Lists: pgsql-hackers

Hallow hackers

I have the following problem to solve and would like to get advice on
the best way to do it.

The problem:

When growing a pl/proxy based database cluster, one of the main
operations is splitting a partition. The standard flow is as follows:

1) make a copy of the partitions table(s) to another database
2) reconfigure pl/proxy to use 2 partitions instead of one

The easy part is making a copy of all or half of the table to another
database. The hard part is fast deletion (i mean milliseconds,
comparable to TRUNCATE) the data that should not be in a partition (so
that RUN ON ALL functions will continue to return right results).

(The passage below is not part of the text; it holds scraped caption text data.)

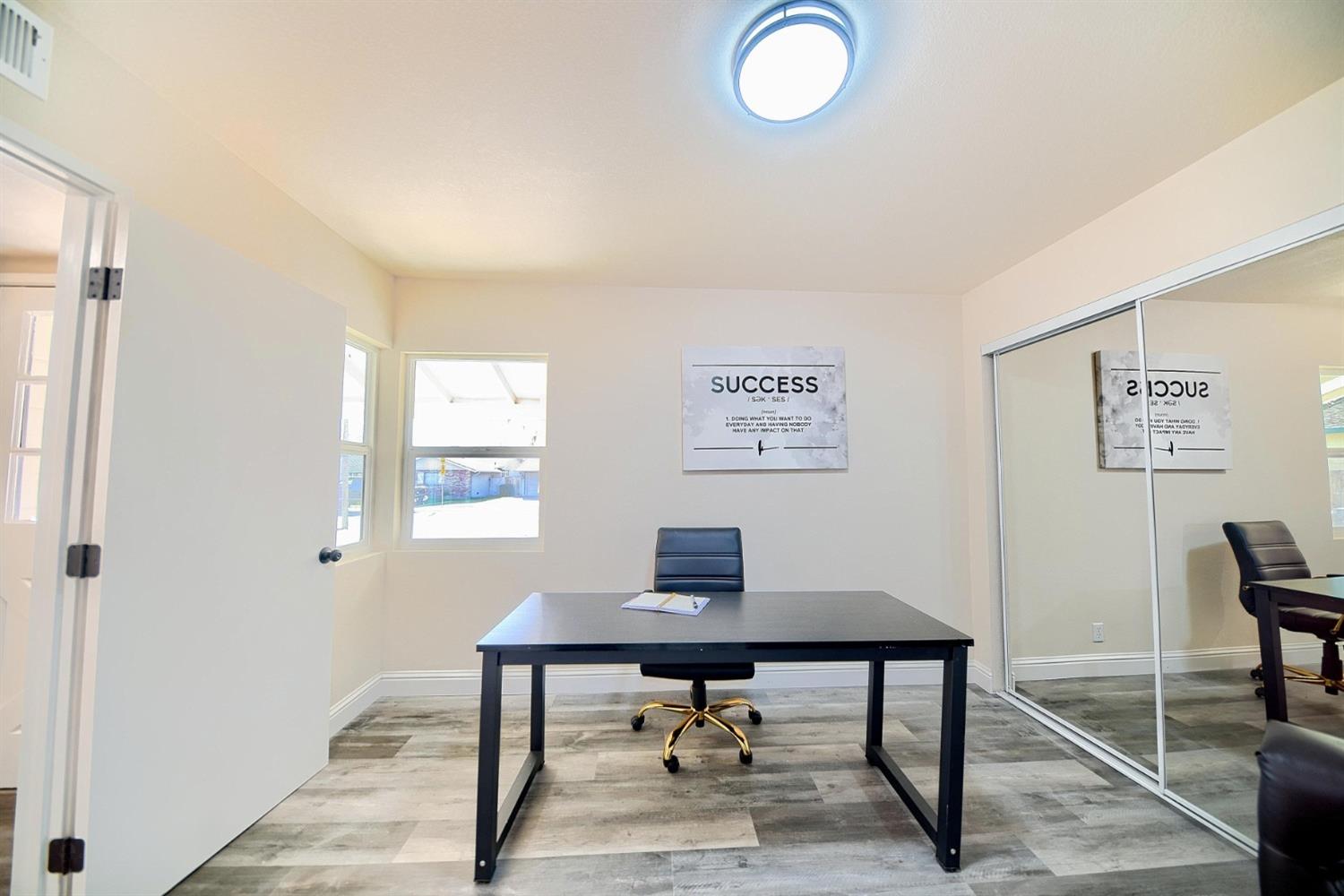 Detail Gallery Image 5 of 32 For 5416 Ridgeway Ave, Stockton,  CA 95207 - 4 Beds | 2 Baths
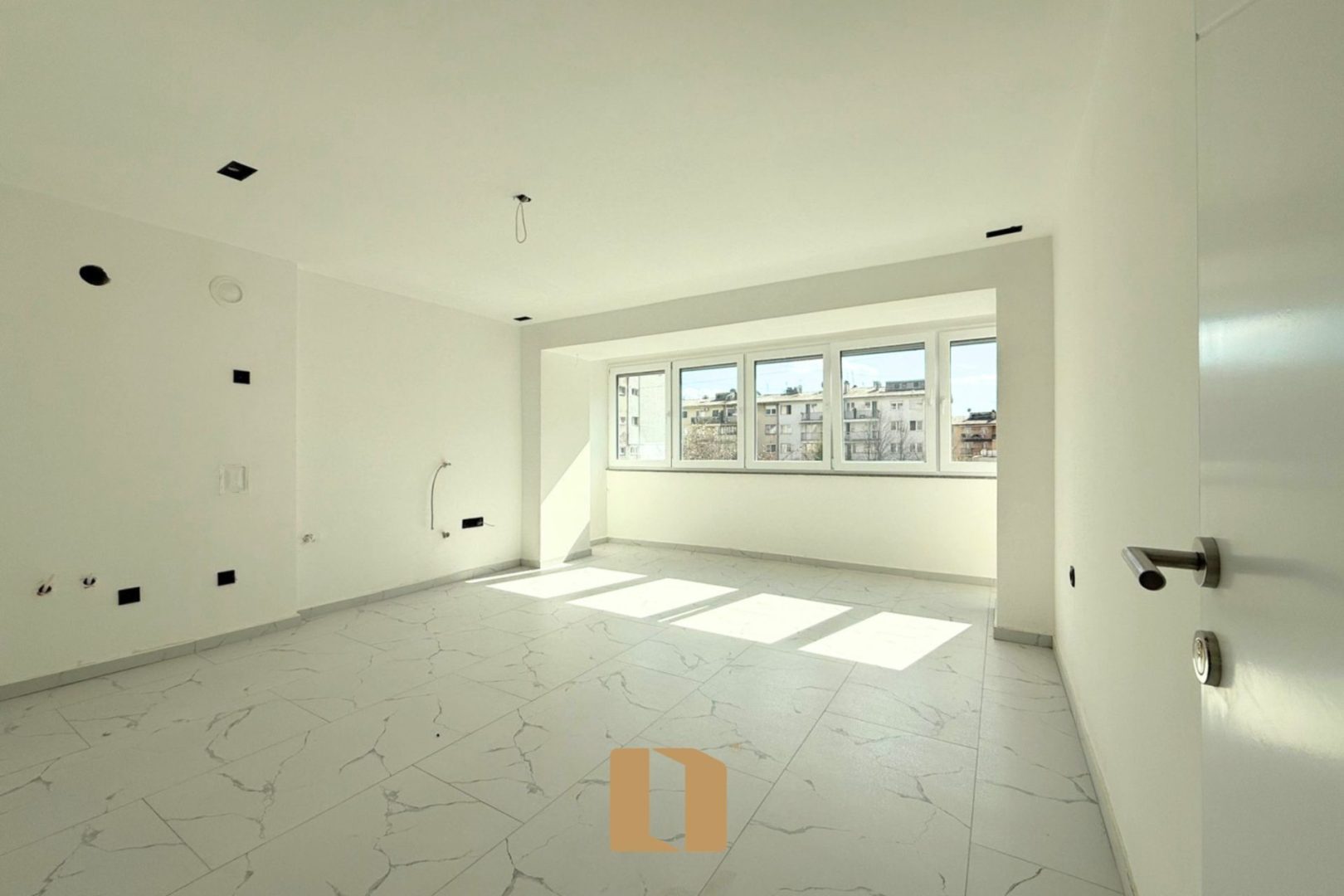 BANESË / ZYRË ME QIRA – 75M², ULPIANË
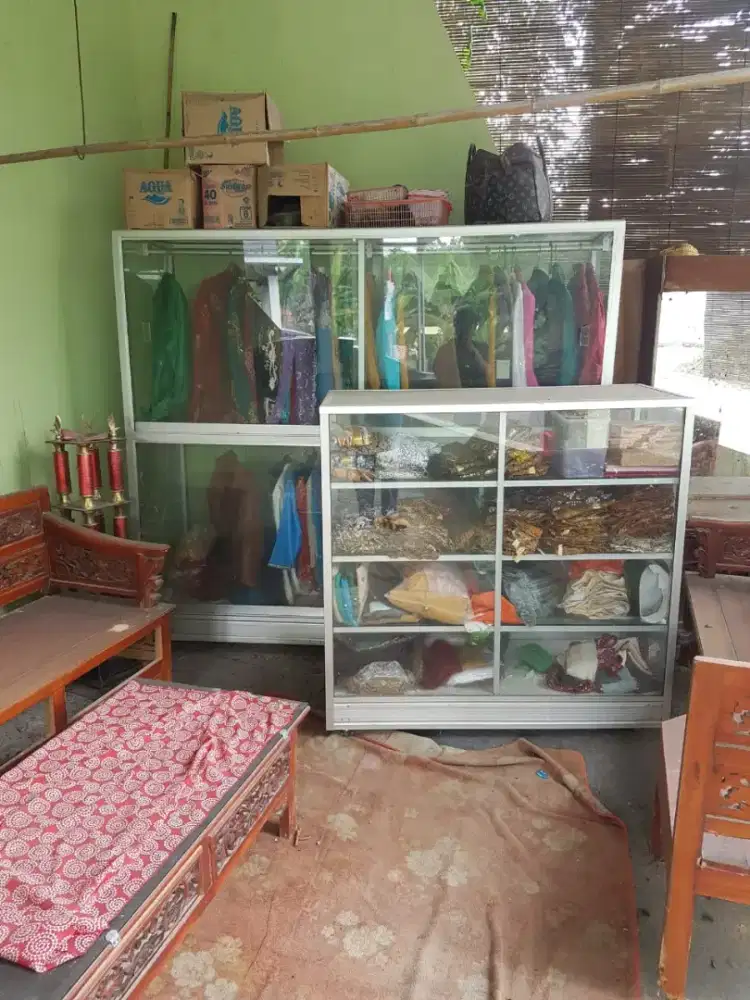Dibeli terus berbagai macam etalase bekas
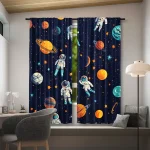 Cortinas azuis com desenhos de planetas, astronautas e estrelas, decorando um quarto infantil com tema espacial.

It would be relatively easy, if we still had the RULES for select
available for plain tables, but even then the eventual cleanup would
usually mean at least 3 passes of disk writes (set xmax, write deleted
flag, vacuum and remove)

What I would like to have is possibility for additional visibility
checks, which would run some simple C function over tuple data (usually
hash(fieldval) + and + or ) and return visibility (is in this partition)
as a result. It would be best if this is run at so low level that also
vacuum would use it and can clean up the foreign partition data in one
pass, without doing the delete dance first.

So finally the QUESTION :

where in code would be the best place to check for this so that

1) both regular queries and VACUUM see it
2) the tuple data (and not only system fields or just xmin/xmax) would
be available for the function to use

--
-------
Hannu Krosing
PostgreSQL Unlimited Scalability and Performance Consultant
2ndQuadrant Nordic
PG Admin Book: http://www.2ndQuadrant.com/books/


From: PostgreSQL - Hans-Jürgen Schönig <postgres(at)cybertec(dot)at>
To: Hannu Krosing <hannu(at)2ndQuadrant(dot)com>
Cc: PostgreSQL-development Hackers <pgsql-hackers(at)postgresql(dot)org>
Subject: Re: help with plug-in function for additional (partition/shard) visibility checks
Date: 2011-09-02 12:01:51
Message-ID: 689CAF92-6D70-4761-8F64-E47DE3527EF2@cybertec.at
Views: Raw Message | Whole Thread | Download mbox | Resend email
Lists: pgsql-hackers

hello …

i have been thinking about this issue for quite a while ...
given your idea i am not sure how this can work at all.

consider:
begin;
insert 1
insert 2
commit

assume this ends up in the same node,
now you split it into two …
1 and 2 will have exactly the same visibility to and transaction.
i am not sure how you can get this right without looking at the data.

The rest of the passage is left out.